Attributed to Voltaire. "The best is the enemy of the good."
Meditation on this truth may help conservatives contain their revulsion at their lousy choices. Obama, who has proven that he is a disaster for the country, got in in part because of conservatives who could not abide McCain.
Politics is a practical business. It is always about the lesser of evils, except when it is about the least of evils. It is not about being ideologically pure. It is about accomplishing something in a concrete situation in which holding out for the best is tantamount to acquiescing in the bad. Political choices are forced options in roughly William James' sense: he who abstains chooses willy-nilly. His not choosing the better amounts to a choice of the worse.
Michael Sullivan comments:
His not choosing the better amounts to a choice of the worse.
I've never been able to entirely accept this. When this topic comes up I frequently like to cite a favorite passage from the Republic with a different viewpoint:
Then there remains, Adeimantus, only a very small group who consort with philosophy in a way that's worthy of her . . . Now, the members of this small group have tasted how sweet and how blessed a possession philosophy is, and at the same time they've also seen the madness of the majority and realized, in a word, that hardly anyone acts sanely in public affairs and that there is no ally with whom they might go to the aid of justice and survive, that instead they'd perish before they could profit either their city or their friends and be useless to themselves and others, just like a man who has fallen among wild animals and is neither willing to join them in doing injustice nor sufficiently strong to oppose the general savagery alone. Taking all this into account, they lead a quiet life and do their own work. Thus, like someone who takes refuge under a little wall from a storm of dust or hail driven by the wind, the philosopher--seeing others filled with lawlessness--is satisfied if he can somehow lead his present life free from injustice and impious acts and depart from it with good hope, blameless and content.
--Republic (496a-497a)
BV responds:
Thanks for that beautiful quotation. I sympathize very strongly and I myself abstain from political action except for voting and blogging. But even when I blog my main concern is theoretical: I want to understand the political as such. For example, the statement supra that "Politics is a practical business" is a theoretical statement.
And I agree with Plato that if one has a contemplative nature, a theoretical bent, and loves truth above all, then it would be a mistake to waste one's talent in the insane arena of lies, hypocrisy, pettiness and all-round bullshit that we call politics.
But here's the thing: if one is threatened in one's very existence, one has to respond. If leftists take over the country, that cannot be good for you and me with our values. So at some point one has to get involved and do one's bit to beat back the opposition. How much and at what point are personal decisions.
One should also consider the passage in the Laws where Plato says something to the effect that when good men abstain from involvement in politics they end up being ruled by evil men.

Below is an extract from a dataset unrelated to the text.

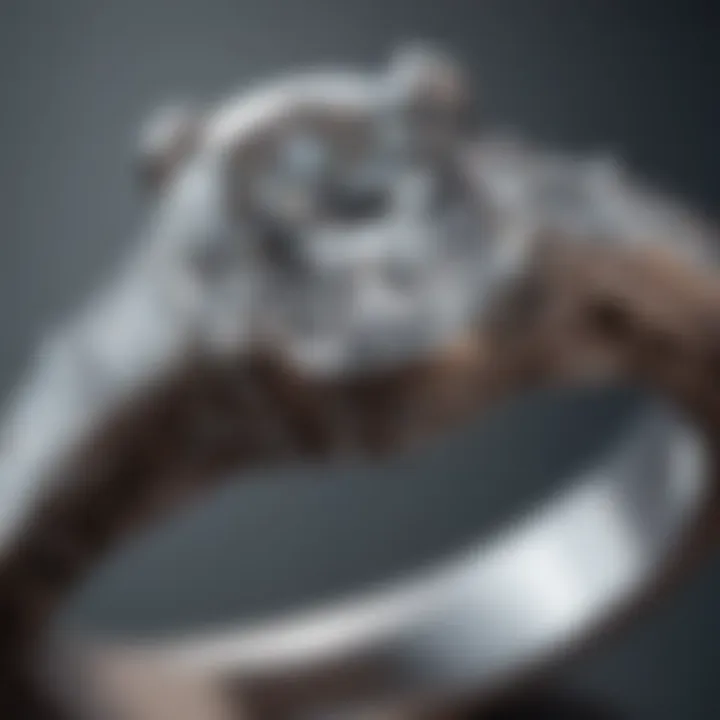 Macro shot of tension mount diamond ring showcasing precision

And in the Apology, Socrates, faced with execution, does not flee Athens, giving the reason that he owes something to the State and its laws. Along these lines one might argue that staying informed, voting, and the like are minimal civic duties. After all, have we not greatly benefited from the political and social arrangements that we have enjoyed all our lives? Do we not owe something to our country? Are we not ingrates if we take for granted that we should have peace and security and prosperity while doing nothing to defend it and pass it on?I don't expect liberals to understand gratitude, but we are not liberals.